GFLV-infected vines showing few or no symptoms were selected from foci heavily affected by the disease in various French wine-growing regions (Alsace, Burgundy, Champagne, Rhône Valley and Bordeaux). Some of these candidate plants - whose variant composition is determined by high-throughput sequencing (HTS) - have been multiplied and will be replanted by 2027 in their regions of origin in a dozen pilot trials. Phenotypic monitoring (absence of symptoms and significant yield losses linked to infection by aggressive variants) and HTS will enable us to determine whether the candidate plants are protected from the serious effects of the disease and from superinfection by other GFLV variants.
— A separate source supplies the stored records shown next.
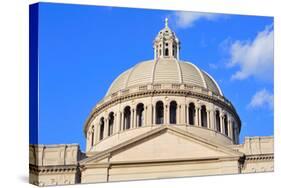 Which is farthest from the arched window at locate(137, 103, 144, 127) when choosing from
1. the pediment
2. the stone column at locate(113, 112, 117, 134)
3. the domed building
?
the pediment

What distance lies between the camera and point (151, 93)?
27.1m

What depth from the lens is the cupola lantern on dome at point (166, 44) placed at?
21081 millimetres

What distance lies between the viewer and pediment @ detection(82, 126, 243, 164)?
20.9 m

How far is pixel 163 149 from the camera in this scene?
69.7 ft

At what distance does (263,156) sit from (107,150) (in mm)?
6004

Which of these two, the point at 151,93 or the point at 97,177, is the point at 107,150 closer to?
the point at 97,177

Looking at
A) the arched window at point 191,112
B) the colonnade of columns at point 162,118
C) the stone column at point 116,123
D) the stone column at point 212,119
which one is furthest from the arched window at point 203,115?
the stone column at point 116,123

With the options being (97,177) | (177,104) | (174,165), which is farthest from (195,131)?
(97,177)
In parallel, experiments are being carried out on herbaceous hosts (Nicotiana benthamiana and Arabidopsis thaliana) under controlled conditions to determine the parameters impacting premunition (genetic relatedness required between protective and challenger variants, time interval between inoculations, etc.).

Staff (ViVe team)

  • Meryem ALALOUT
  • Aleksandar BLAGOJEVIC
  • Myriam HAGEGE
  • Jean-Michel HILY - IFV
  • Olivier LEMAIRE
  • Pierre MUSTAIN
  • Anne SICARD
  • Emmanuelle VIGNE

Funding

Vaccivine 2

Logo vaccivine 2 bandeau copy

ProtectMe

Results

In order to select low-aggression GFLV variants native to Champagne, we studied two heavily short-nouled Chardonnay plots in this region. The vines selected for the study were classified into three categories: (i) asymptomatic GFLV-free vines (uninfected vines), (ii) virus-infected vines with weak symptoms (premunition candidates) and (iii) virus-infected vines with strong symptoms. The four premunition candidates are currently being evaluated in trials to be carried out in Champagne in 2022.